The match was won thanks to a fourth-innings 154 not out by Graeme Smith, well supported by an unbeaten 45 from Boucher. That series win served as a catalyst for a golden generation that would go on to claim the No 1 spot on the ICC’s Test rankings. Numerous world-class talents played their role, but Boucher’s tirade got things going.
After a chastening defeat at Old Trafford in the second Test, Boucher’s side head to the Oval on Thursday needing all the battling qualities their coach has shown over the years. Handed the Proteas gloves at 21 he fought his way across 147 Tests, claiming a record 555 dismissals. An errant bail in Taunton ended his career when it flicked off the stumps and made contact with his left eye, causing irreparable damage. After a five-year hiatus from the game he returned when the Titans franchise in Centurion needed a coach in August 2016.
“Albie Morkel was captain at the time and asked me what I thought about Bouch taking over,” says Farhaan Behardien, a former Protea with 97 caps who played under Boucher at the Titans. “I respected what he’d done as a player but I also knew he didn’t have any coaching experience. I knew he was a disciplinarian but was curious to see how he’d do without any coaching behind him.”

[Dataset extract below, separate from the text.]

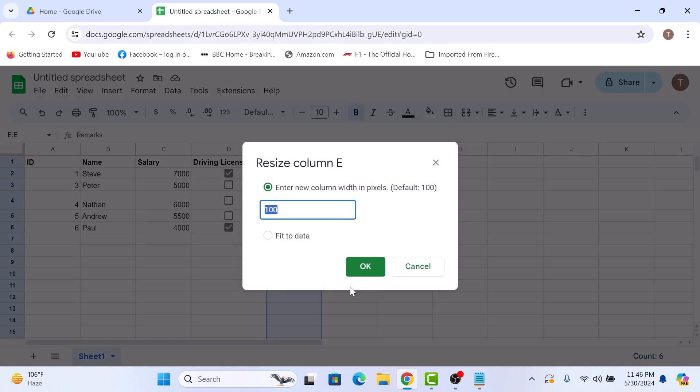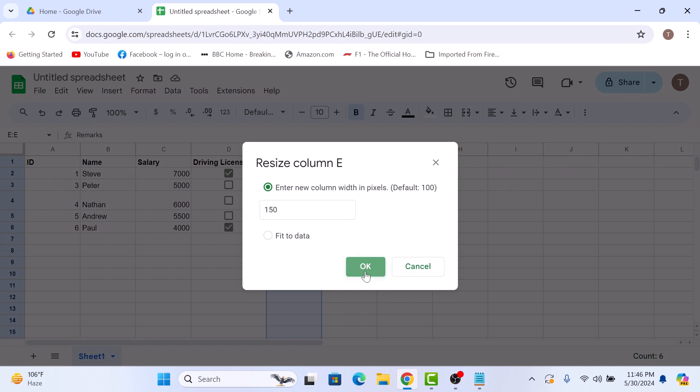Here, enter a value to make the column width bigger or smaller. Now click on OK. Cell width has increased.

Boucher’s lack of coaching credentials has been a sticking point for critics. Either way, with an all-star cast including De Villiers, Morne Morkel and Quinton de Kock, Boucher lifted five titles in three seasons. After a dismal showing at the 2019 World Cup, and a 3-0 Test-series drubbing in India, Boucher was tasked with rebuilding the Proteas.
It was a controversial pick. He had the backing of his players and captain Faf du Plessis spoke of the renewed energy within the side. But the optics were a concern. His appointment coincided with that of Smith and Jacques Faul as director of cricket and Cricket South Africa’s CEO respectively. Interim coach Enoch Nkwe was demoted to an assistant role. Suddenly the hands on the levers of power were all white in a country still grappling with racial politics.

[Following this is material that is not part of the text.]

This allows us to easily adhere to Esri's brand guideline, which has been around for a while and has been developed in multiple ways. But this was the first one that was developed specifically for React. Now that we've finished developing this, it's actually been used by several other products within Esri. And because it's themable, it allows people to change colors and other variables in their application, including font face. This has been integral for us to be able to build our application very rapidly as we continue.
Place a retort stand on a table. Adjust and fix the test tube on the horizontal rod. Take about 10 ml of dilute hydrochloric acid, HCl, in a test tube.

Then came the Social Justice and Nation-Building Hearings last year which exposed latent tensions within the sport. The most shocking revelation came from Paul Adams, the former spinner, who recounted an incident where he was called “brown shit” in a fines meeting in a bastardised version of the Boney M song Brown Girl in the Ring. Boucher admitted he had taken part in this public humiliation. Boucher apologised but there are enough South African fans who believe his crime should have seen him fired. CSA opened, and then abandoned, a formal charge of racism against him.
Despite a fragile batting unit, South Africa are in a strong position to qualify for the World Test Championship final at Lord’s next year. Captain Dean Elgar has praised his team for scoring “ugly runs” and embodying the virtues of their coach. “That’s what Boucher teams are about,” Harris says. “He doesn’t know any other way. He talks straight and lets you know exactly what he thinks. There’s no guessing with him.”
An innings defeat in Manchester has momentum on England’s side and South African backs against the wall. That will suit Boucher just fine.